A federal judge minced no words in his dissenting opinion regarding the U.S. Ninth Circuit Court of Appeals' refusal on Thursday to rehear the case of a Christian-owned women's spa forced by Washington state into admitting men.
Judge Lawrence VanDyke, an appointee of President Donald Trump, wrote, "This is a case about swinging d**ks."
''Sometimes, it feels like the supposed adults in the room have collectively lost their minds.'
"The Christian owners of Olympus Spa — a traditional Korean, women-only, nude spa — understandably don't want them in their spa," VanDyke continued. "Their female employees and female clients don't want them in their spa either. But Washington State insists on them. And now so does the Ninth Circuit."

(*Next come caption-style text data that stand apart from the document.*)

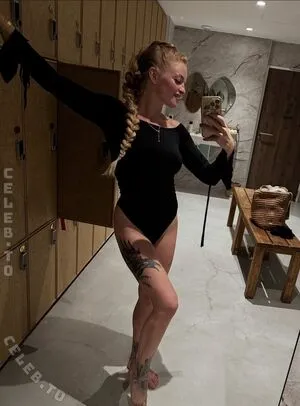 Josephine Welsch OnlyFans Leaked Free Thumbnail Picture - #aMhaQU3Ngu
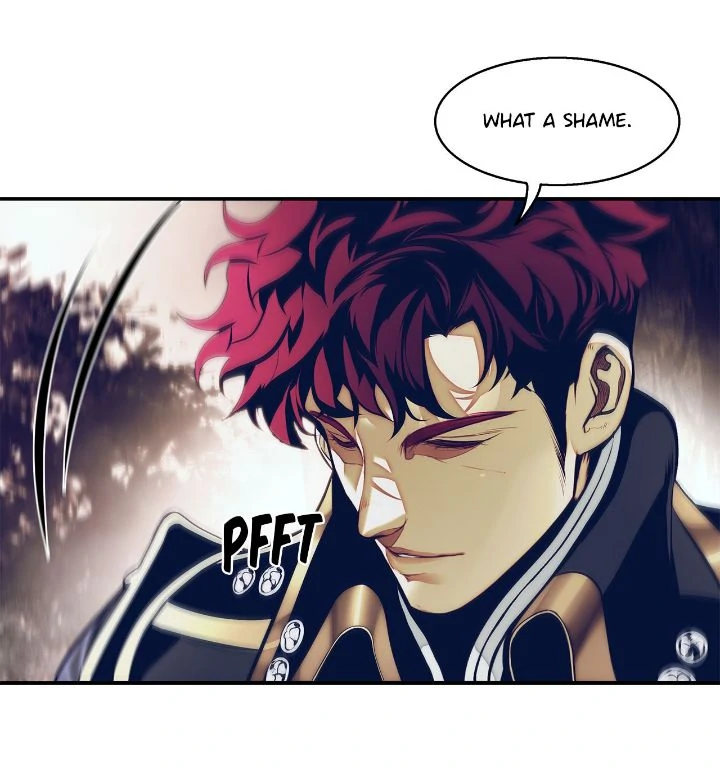 MookHyang – Dark Lady Chapter 244 - page 38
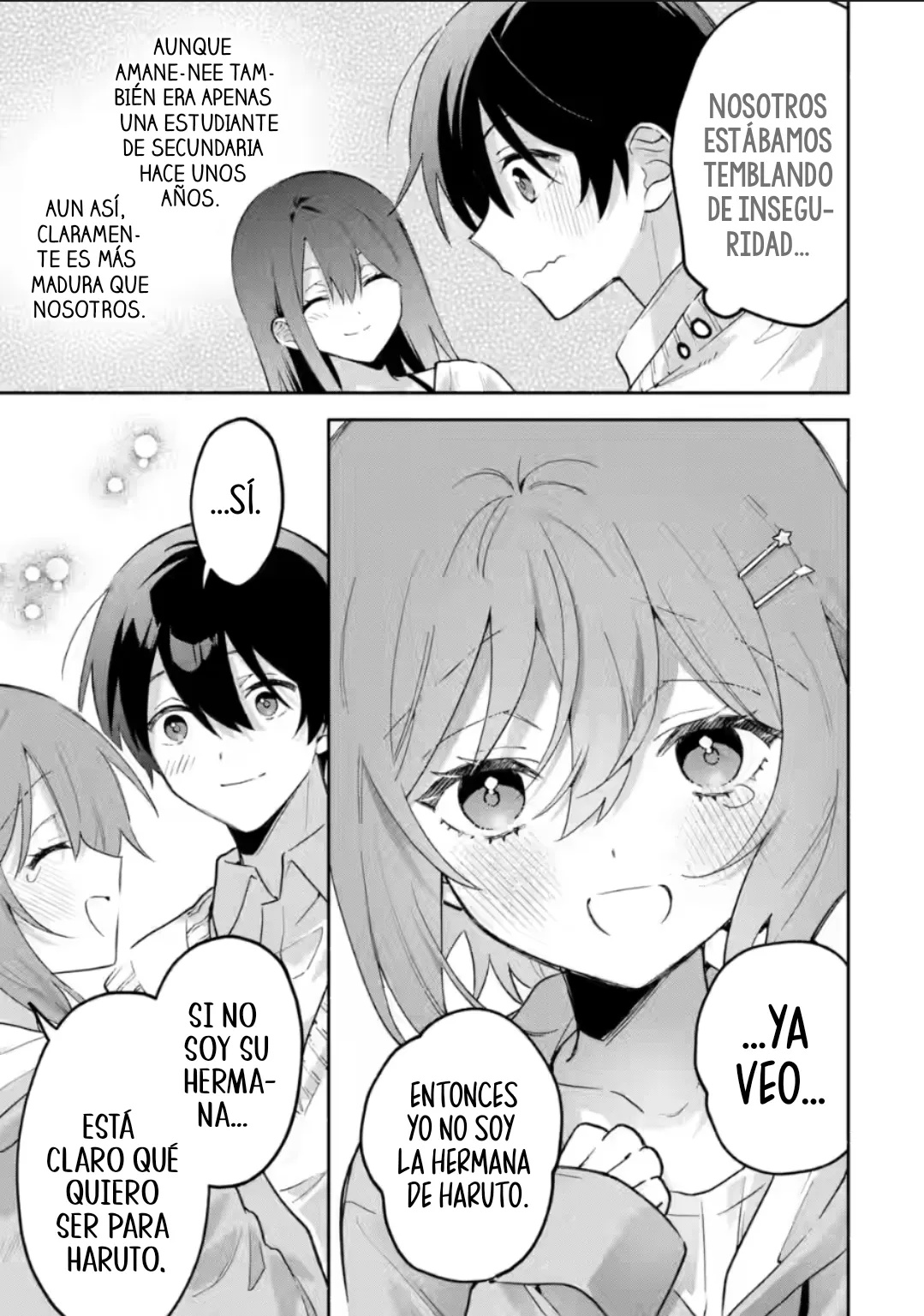 Cool na Megami-sama to Issho ni Sundara, Amayakashisugite Ponkotsu ni Shite Shimatta Ken ni Tsuite Capitulo 26.1 página 14
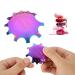 QKISS Manik s Easy French smile line cut edge cutter nail art template tool nail cutter DIY delivers nail edge template cutter nail French trimmer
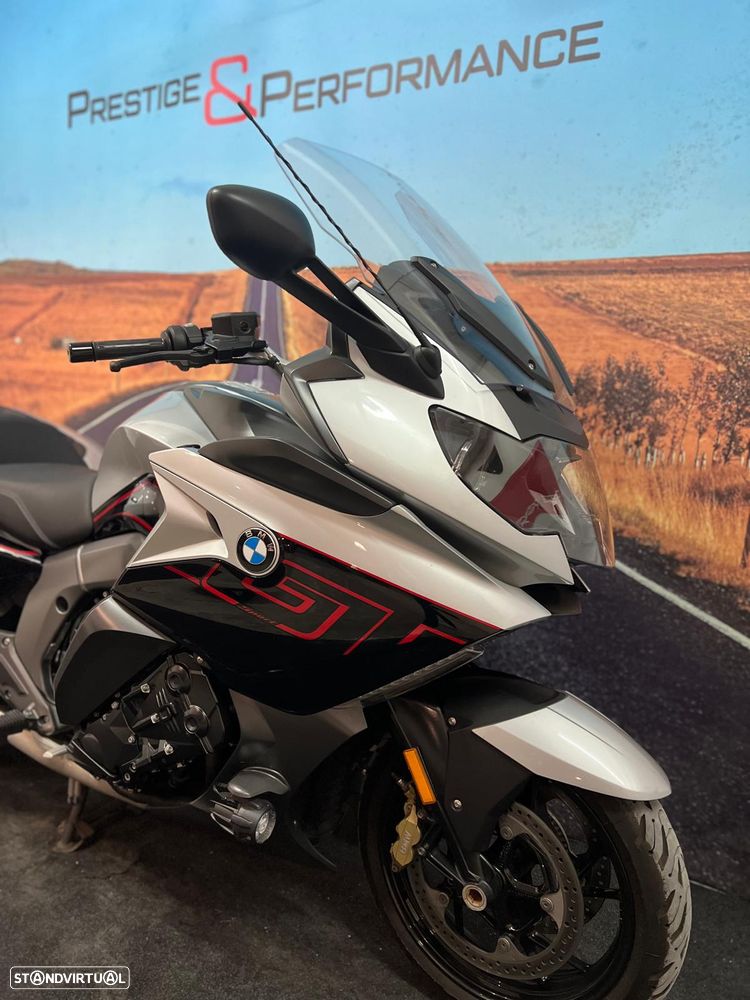 BMW K 1600 GT SPORT - 20
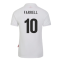 2023-2024 England Rugby Home Classic Shirt (Kids) (Farrell 10)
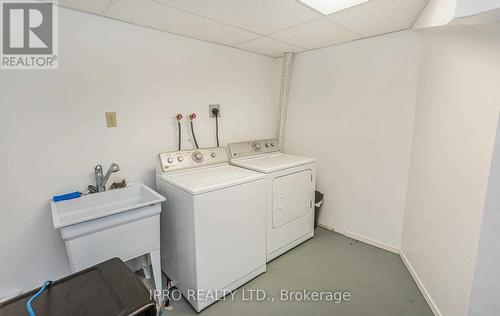 49 - 5223 Fairford Crescent, Mississauga, ON - Indoor Photo Showing Laundry Room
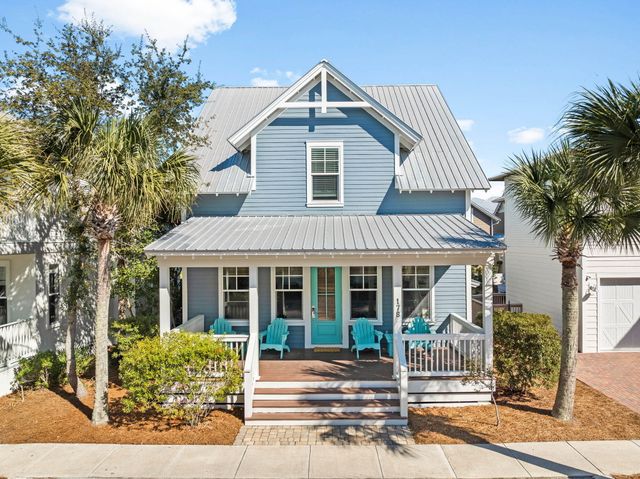 178 W Seacrest Beach Boulevard, Inlet Beach, FL 32461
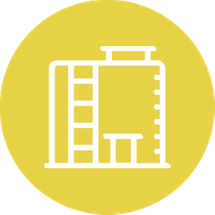 Transports et stockages 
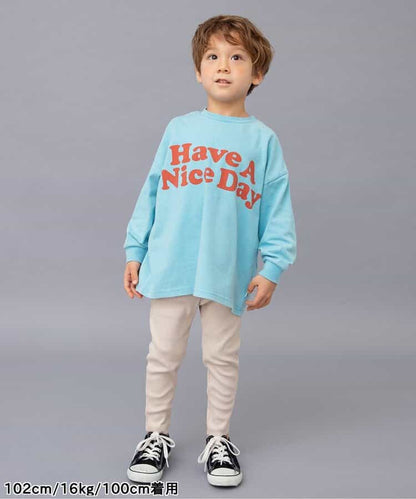 BREEZE Summer Shirt Two-Piece Set (80-140cm) for Boys (Summer TOPS PANTS) 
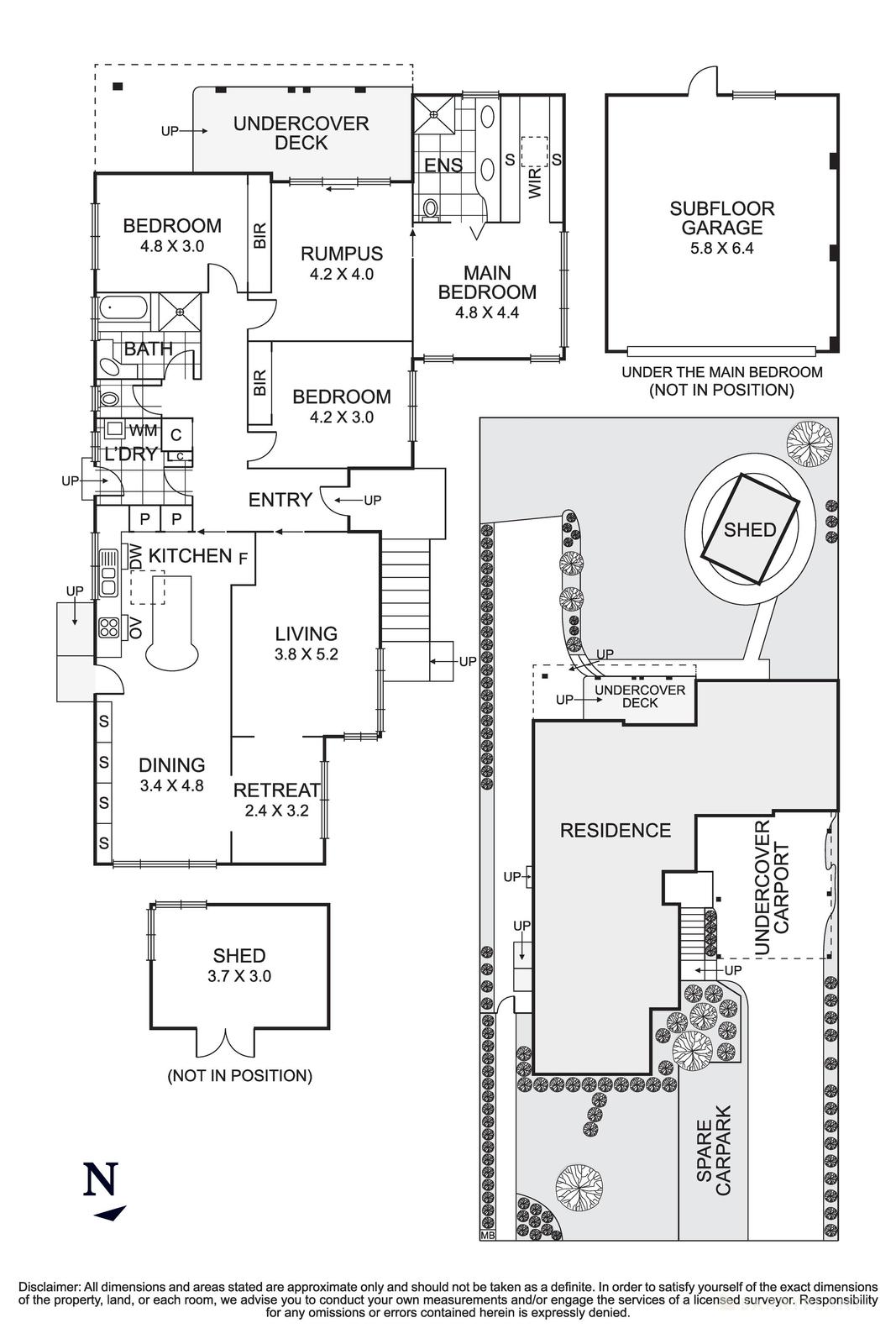 98 Dellfield Drive, Templestowe, VIC 3106 - Thumbnail 1 - 16/04/2024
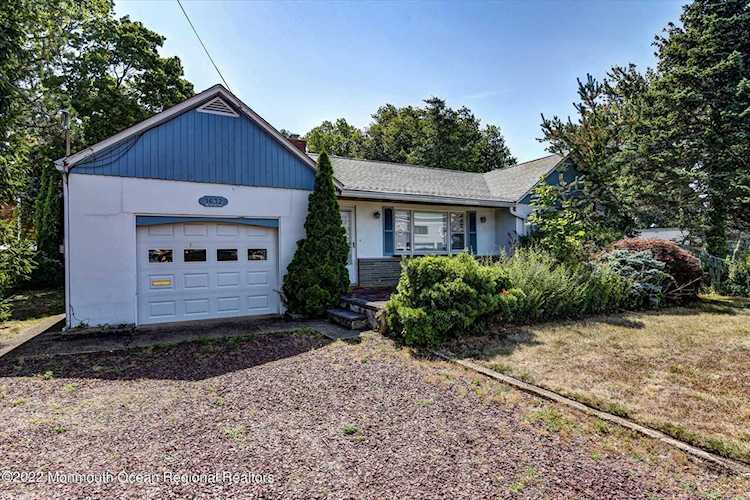 1632 Bay Ave Bay Head, NJ 08742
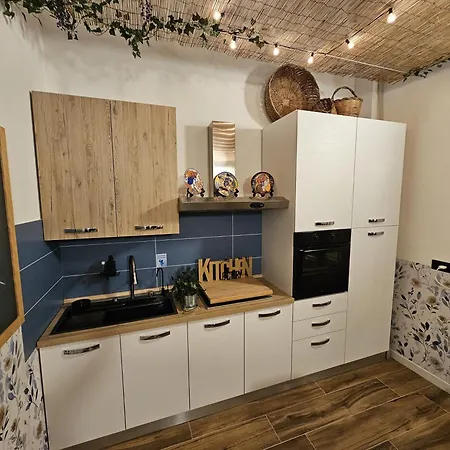 Gasthof La Casa Di Ray E Anto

The family-owned spa was accused of discrimination in 2020 for refusing access to a trans-identifying male whose penis was intact, and has been fighting an uphill legal battle ever since. In May, a three-judge Ninth Circuit panel ruled against the spa, holding that the First Amendment rights of its owners had not been violated by the state.
The spa subsequently petitioned the Ninth Circuit for a panel rehearing and/or a full-court rehearing of the case. Those were denied, prompting VanDyke to go nuclear:
Sometimes, it feels like the supposed adults in the room have collectively lost their minds. Woke regulators and complicit judges seem entirely willing, even eager, to ignore the consequences that their Frankenstein social experiments impose on real women and young girls. Yet if harmful and unfortunate consequences were all this case was about, we’d have to shrug and say: "That’s what comes with living in a democracy." Unless the Constitution is implicated, we get what we voted for “good and hard."
But some fundamental rights, like the right to the free exercise of religion, are constitutionally protected precisely to avoid majoritarian infringement. Unfortunately, in this case the panel majority has allowed Washington State bureaucrats to trample on such rights long secured by the Constitution.
VanDyke tore apart his colleagues' reasoning, stating that:
- "[Washington Law Against Discrimination] is not generally applicable because it treats comparable secular activity more favorably than Olympus Spa's religiously motivated activity";
- "WLAD's application is not neutral because it facially differentiates among religions based on theological choices by granting an exemption to only a small set of favored religious activities"; and
- "WLAD's woke redefinition of 'sex' undermines the hard-fought legal protections granted to women as a class and undercuts established criminal laws against voyeurism and indecent exposure."
Some of the Trump judge's colleagues couldn't handle his criticism and frank language.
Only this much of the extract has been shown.